Secrets Of A Gay Marine Porn Star (58 page)

I had never paid much attention to the military cemetery, deliberately avoiding the unpleasant topic of death. Matt, however, with his photographer’s eye, had recognized the mystical beauty of the spot and took a few photographs of me there. I was merely an unrecognizable shadow against the vivid image of the grave plots. Ultimately the
Times
art department decided not to use any of those photographs because the image muddied the theme of the story. Even then, I hadn’t been certain of what message the captivating-yet-eerie image conveyed.

Now I understood it perfectly well.

Jennifer Egan’s article had portrayed an image of me and the others in the story as men and women forced into lives of loneliness, isolation and secrecy by the “Don’t ask, don’t tell” policy. The photographs that were chosen for inclusion in the story drove home that idea.

The photographs of me in the cemetery carried the opposite message. No matter what discriminatory laws we pass, in the end, death is the final equalizer. Death scoffs at our vain attempts to sort by class. Gay men and women have died in combat, serving their country just like straight men and women have. And as long as we send people off to fight, it will always be that way.

I walked down to the lower part of the slope overlooking San Diego. It was now eleven a.m. and the marine layer was still present forming a stringy grayish-white mist between the city and sun. There was a small tree near the road that wound through the cemetery. I sat on some steps underneath the tree and began to feel the full impact of what was about to happen.

My tears flowed freely now. I cursed for the lost opportunities, for not doing whatever had been required to spend more time with this man. I recalled my childhood prayer, asking God for a friend to share life with. Someone to watch musicals with, to run with, to tell me when I was out of line. God had answered that prayer many times over. I had asked for a friend who would always be there for me, who would understand me, who would help relieve the intense feelings of loneliness I felt even at the age of nine.

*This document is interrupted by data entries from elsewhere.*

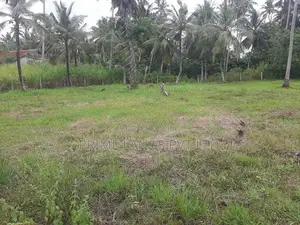 බිංගිරිය ටවුමෙන්ම ඉඩමක්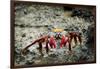 Galapagos, Ecuador, Isabela Island. Sally Lightfoot on Wet Rocks-Mark Williford-Framed Photographic Print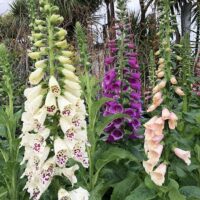 Hello Hello Plants Digitalis mix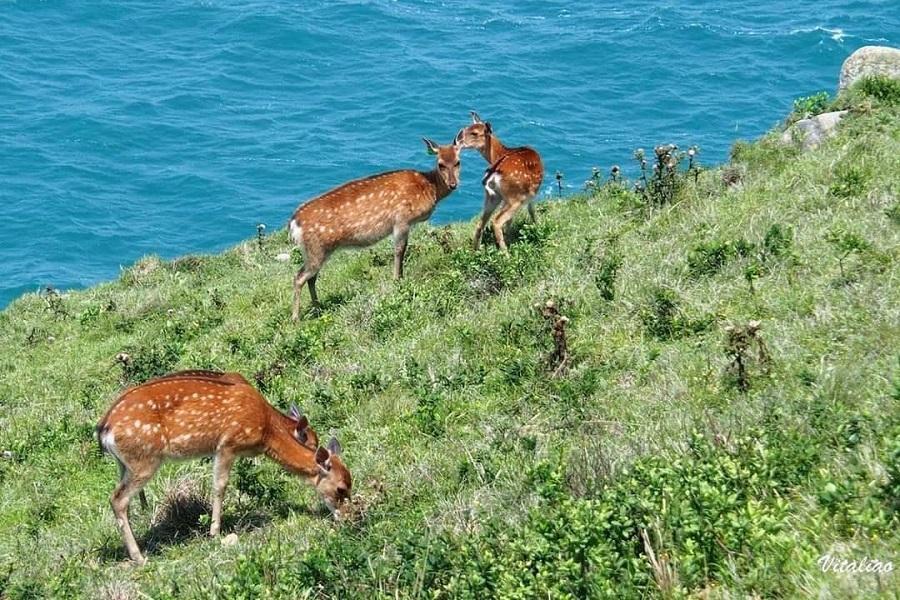 
                                                                        【大坵馬祖】芹壁聚落、梅花鹿、豪華海鮮餐三日-台中出發
                                                                        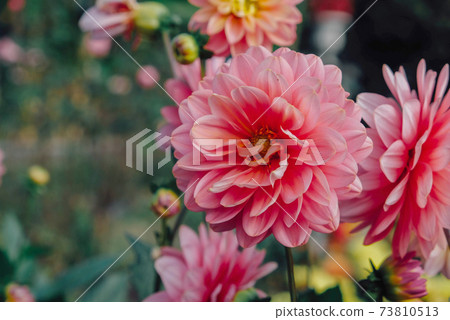 Beautiful pink dahlia flowers in full bloom in the garden. 73810513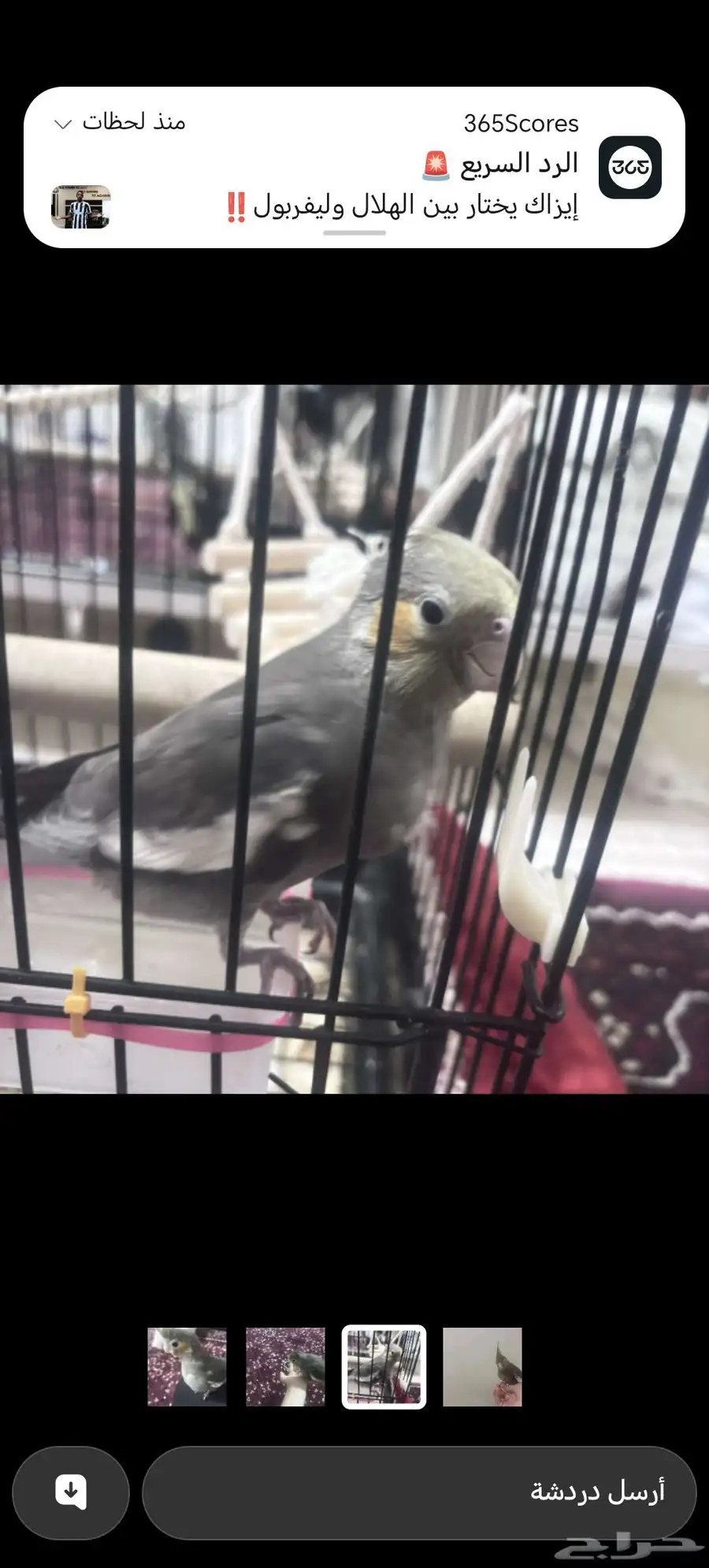 طير كروان اسم فلاي حاله جيدا اليف العمر شهرين نشيط يطير زين 3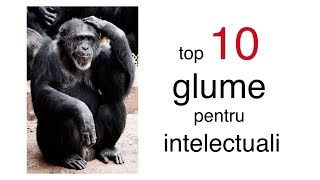 top 10 bancuri pentru intelectuali glume sofisticate [upl. by Adianez]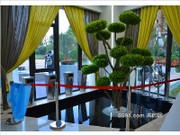 2015年10月工程進(jìn)度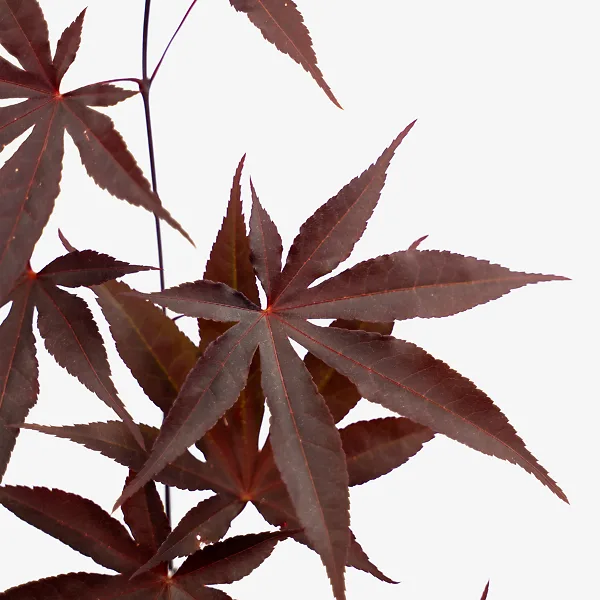 Emperor Japanese Maple 3 Emperor Japanese Maple - Image 3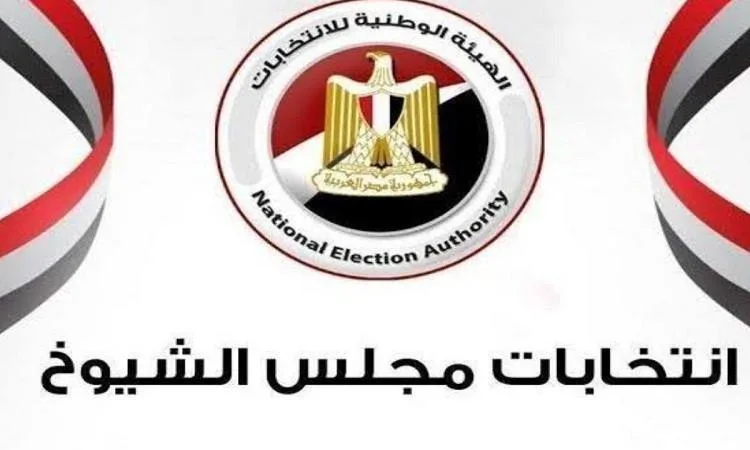 الإعلام غير المنحاز هو أساس تعزيز المشاركة السياسية للمصريين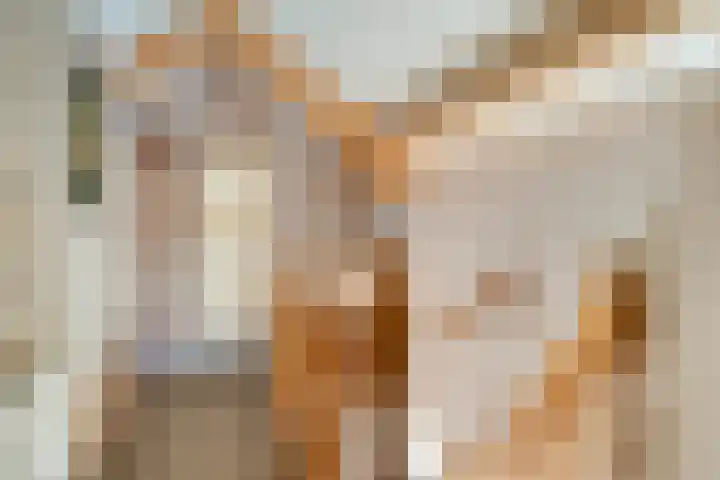 Heideveldweg 1 Overdinkel thumbnail 21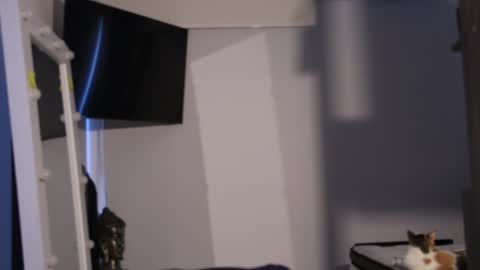 soy mike online show from February 7, 2:04 pm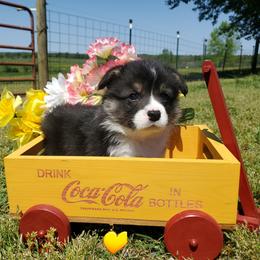 Boy 2 - Black and tan male Pembroke Welsh Corgi puppy in Centre, Alabama from Walker's AKC Corgis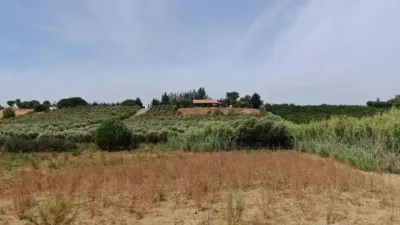 Rustic house in Cartaya photo 19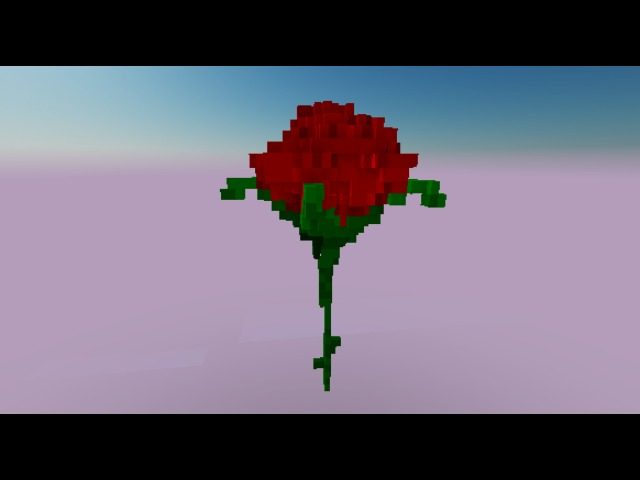 A Rose for the Lady? 🌹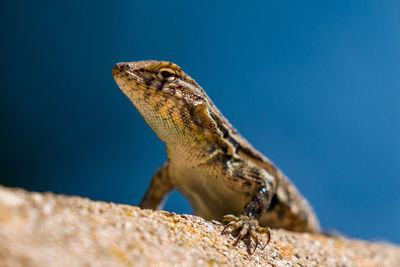 Close-up of lizard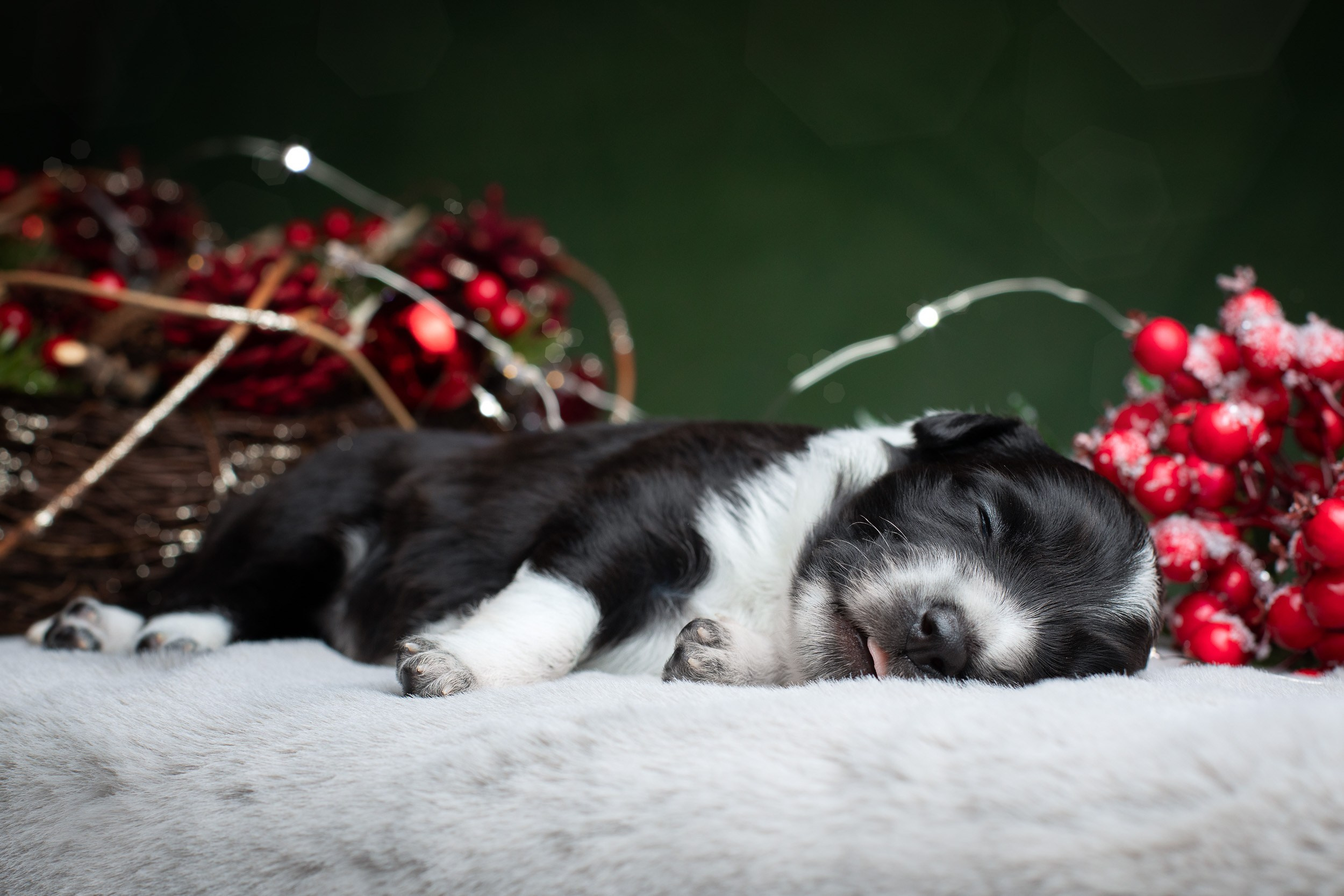 Студийная ньюборн съемка помета бордер-колли. Фотограф-анималист в Москве и Московской области Татьяна Фролова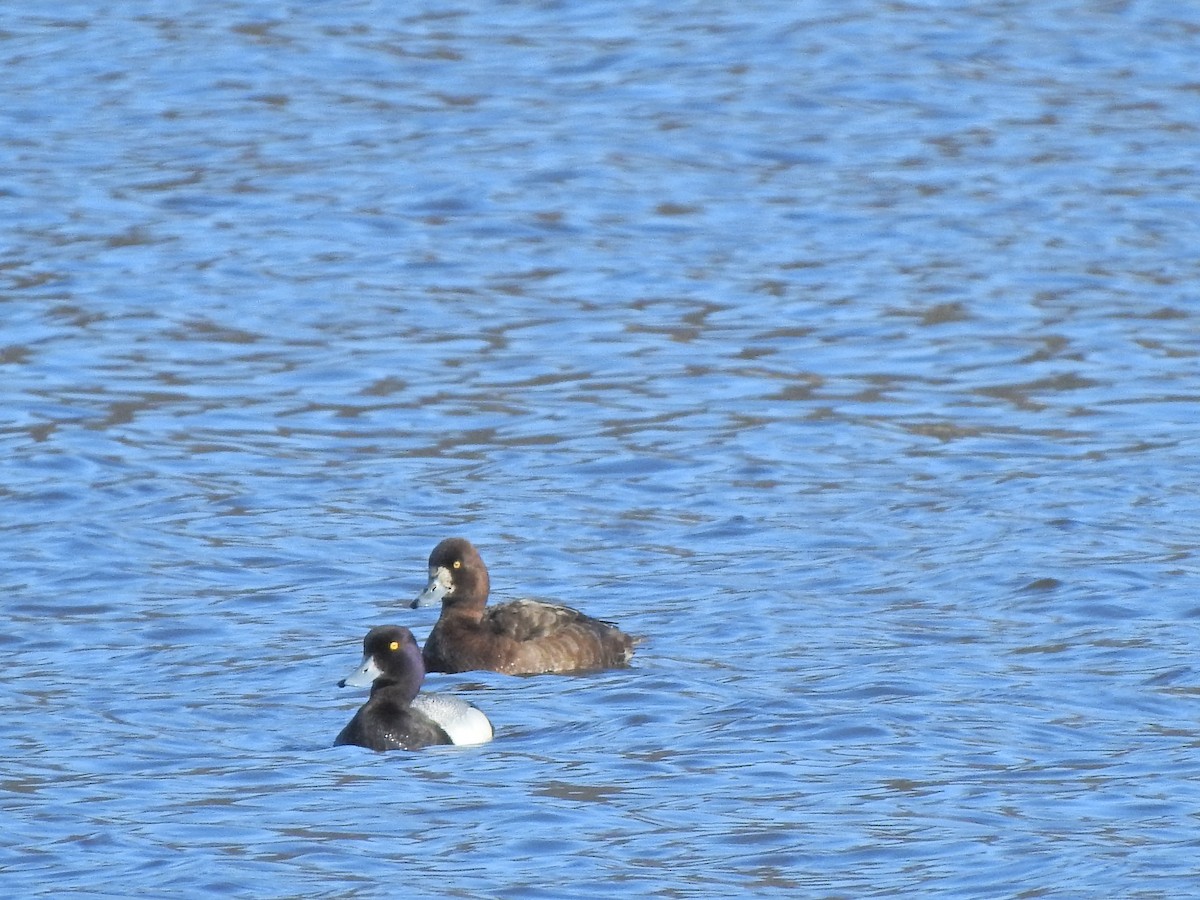 Greater Scaup - ML234121721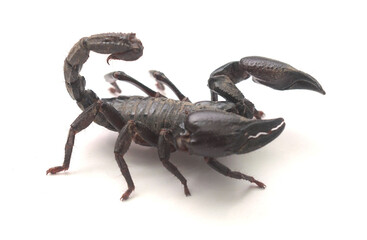 Close-up of crab on rock,South Africa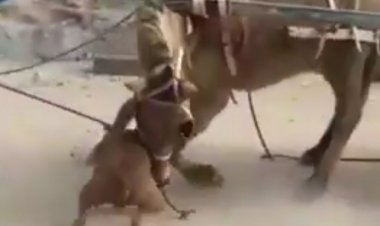 Pitbull ataca violentamente um cavalo que puxava carroça e quase o mata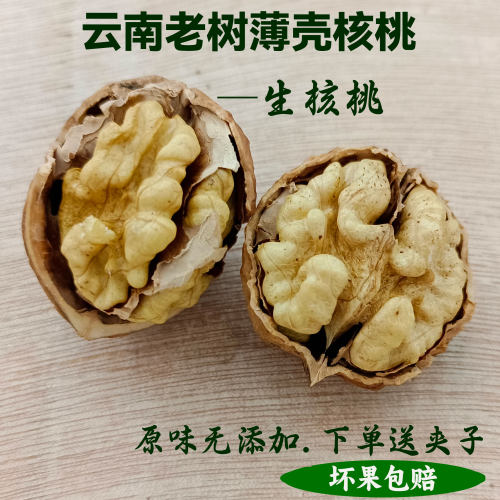 26云南正宗老树核桃薄皮核桃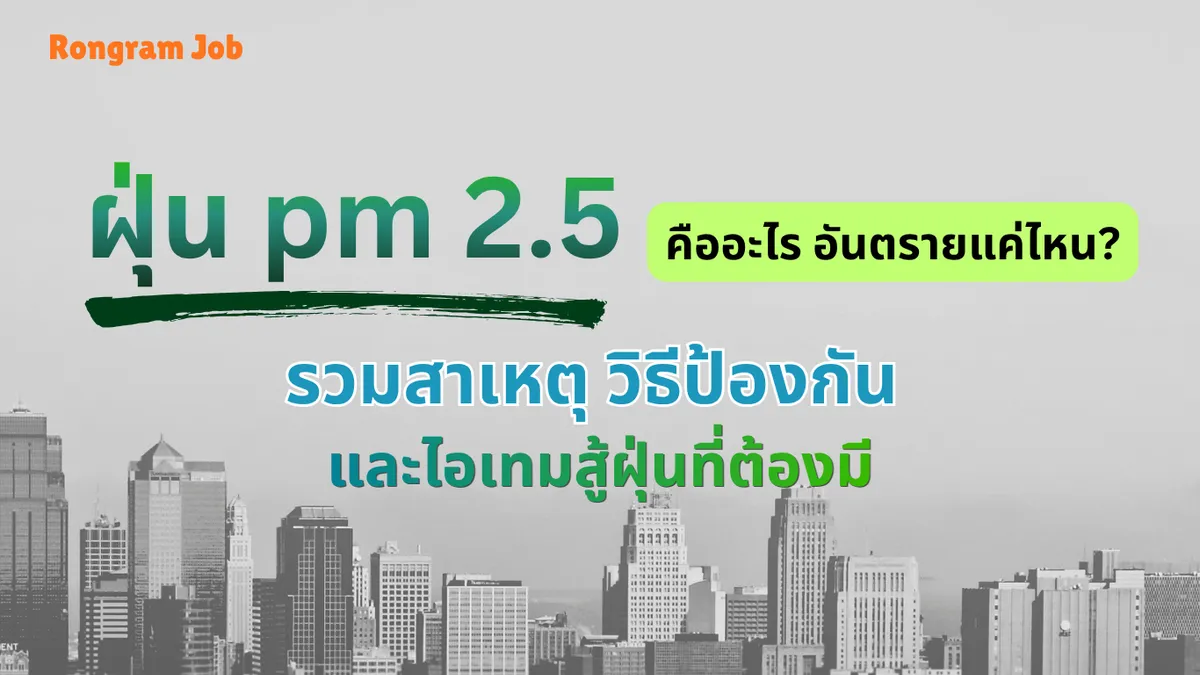 ฝุ่น pm 2.5
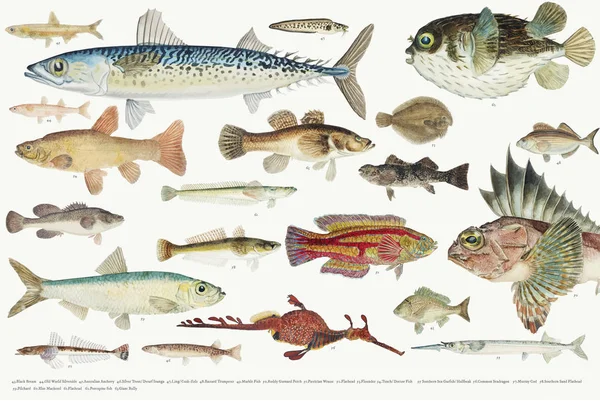 Illustration Colorée Collection Dessins Poissons — Photo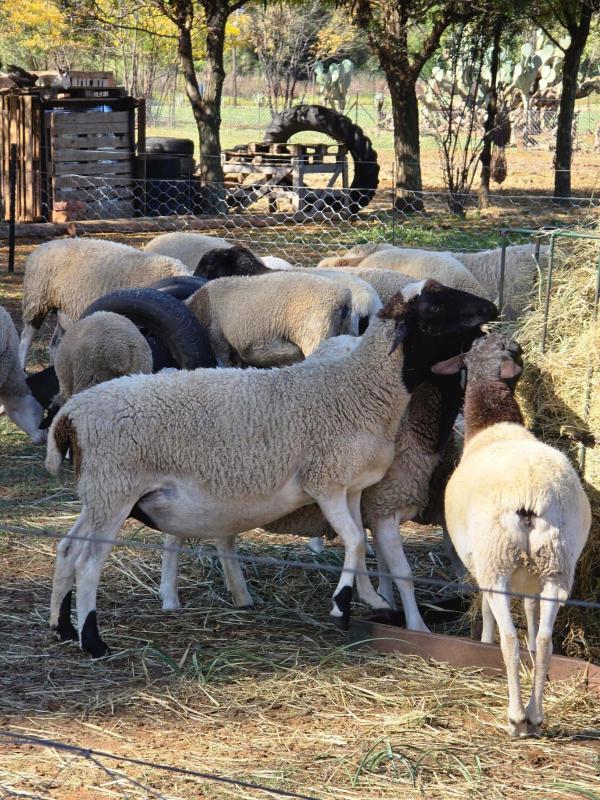 Magalies B&B SPITSKOP - image 11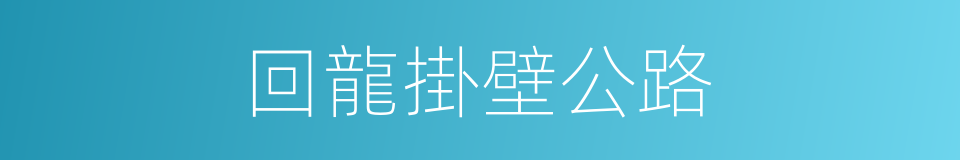 回龍掛壁公路的同義詞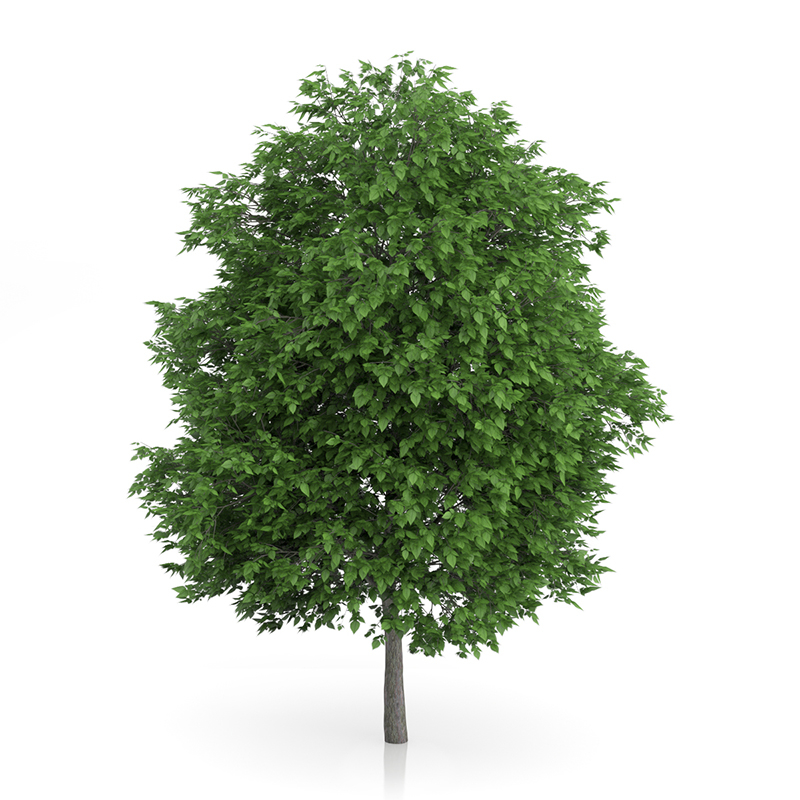 3d trees volume 54 v https://static.turbosquid.com/Preview/2014/11/27__03_33_00/vol54_all.jpg0909cb76-2fcf-4223-9604-27525f3bc220Original.jpg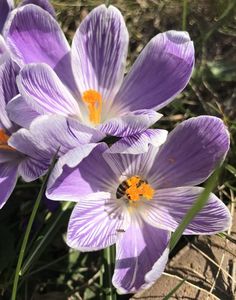 Crocus Pickwick (2021, March 26)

Gary had been my first true friend after my devastating expulsion from Bob Jones University. After him, I was able to rebuild a life. God had been so good in answering that prayer that I had taken it for granted that these friends would always be there.

The mist lifted and the sun broke through just as the service began. The funeral director was running behind because there had been so many flowers, he needed an extra van to carry them all to the site. Resorting to my officer days, I approached a Marine.

“Staff Sergeant, do you think you can get a working party over here to help the director get these flower arrangements in place before the family gets here?”

“Yes, sir!” The Staff Sergeant called to some of the members of Gary’s squadron and within five minutes the flowers were in place, just in time for the cars with the Fullerton family to arrive.

The Marines brought the casket to the front. I couldn’t believe my friend was in there. I expected that any minute he would appear, to tell us that while everything looked good, it would be better if we just practiced a little more and worked a little harder. And of course we should have fun while we were doing it. But there was nothing fun about this. This was the hardest thing I had ever gone through. I couldn’t even imagine what it felt like for Norah, Graham or Gary’s brothers.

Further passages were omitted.